Bruno Dalponte

Bringing the South American Defence Council to life: The role of secondary powers in the construction of regional security dynamics

Supervisors: Dr Marco Vieira / Dr Rita Floyd

My research focuses on the development of new patterns of behaviour and interaction between South American states since the last democratization wave hit he region, in the mid-80s. Specifically, I am looking into the dimension of regional security, trying to establish if recent cooperation initiatives, such as the creation of the South American Defence Council (SADC), respond to the emergence of new agreements in the region regarding how to deal with inter-state security and defence, or not.
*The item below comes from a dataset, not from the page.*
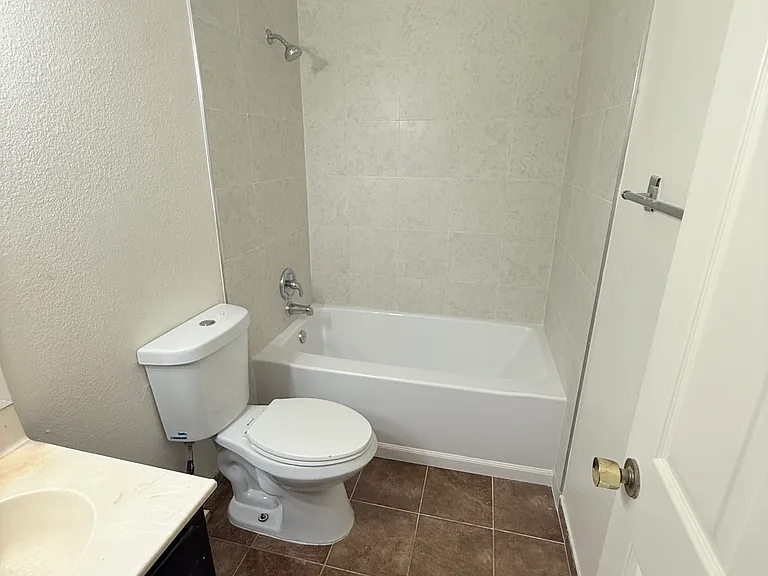 1716 Cordoba Ln #B — Photo 5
Taking the creation of the SADC as the newest development within a larger chain of regional initiatives designed to enhance mutual trust and cooperation, I expect to provide a nuanced account of the historical, social, and political processes that have shaped the security environment of the region for the last 30 years. My objective is to identify the main building blocks of regional politics in South America, in order to understand the larger context of recent developments. To do this, I resort to theoretical frameworks that will allow me to highlight the interactions between the domestic, the regional, and the international levels, particularly Regional Security Complex Theory and a regional re-interpretation of the English School perspective. Nevertheless, in doing so, I will also analyze the meanings and the value attributed by South American players themselves to key notions and principles (such as autonomy, non-intervention, consensus, and cooperation, among others).

I will also try to identify the incentives and disincentives that secondary regional powers (like Argentina, Chile and Colombia) had to join the Brazil-inspired initiative. My argument is that, despite a number of disincentives to join in, secondary powers also perceived the creation of the SADC to be a step in accordance with the regional security environment and to work in their respective interests. In this sense, I expect to make a contribution to recent research on the creation of the SADC, which tends to understand this institutions exclusively from the perspective of a growing Brazilian leadership/hegemony. I am looking to bring forward the agency of a wider range of regional players, and understand the reach of their influence on regional politics.


  • BA in Government and International Relations (UADE, Argentina);
  • Master in International Studies (Universidad Torcuato di Tella, Argentina) 

Research interests

  • South American regional politics
  • Security Studies
  • Regional cooperation/integration
  • South-South cooperation
  • Securitization theory
  • Critical Discourse Analysis

Professional memberships

  • Society for Latin American Studies (SLAS)
  • Consejo Argentino para las Relaciones Internacionales (CARI)

Teaching responsibilities

  • Graduate Teaching Associate – Introduction to International Relations (POLS105)

Conference papers

Dalponte, B. (2014), “Contextualizing South American regional security dynamics. The creation of UNASUR and beyond”, IV WISC Global International Studies Conference, Frankfurt am Main

Dalponte, B. (2010), “El  proyecto  global  brasilero  y  su  impacto  en la  política  regional sudamericana”, V Latin-American Political Science Congress (ALACIP), Buenos Aires

Dalponte, B. and Marinkeff, C. (2009), “La relevancia estratégica del vínculo ABC en la política exterior argentina”, I International Relations Conference (FLACSO-Argentina).


Döring, M, Dalponte, B, and Hoffay, M. (2010), “América del Sur frente al acuerdo militar entre Colombia y Estados Unidos: La UNASUR y el CDS en acción”, Anuario de la Integración Regional de América Latina y el Gran Caribe, Nº8, Coordinadora Regional de Investigaciones Económicas y Sociales (CRIES).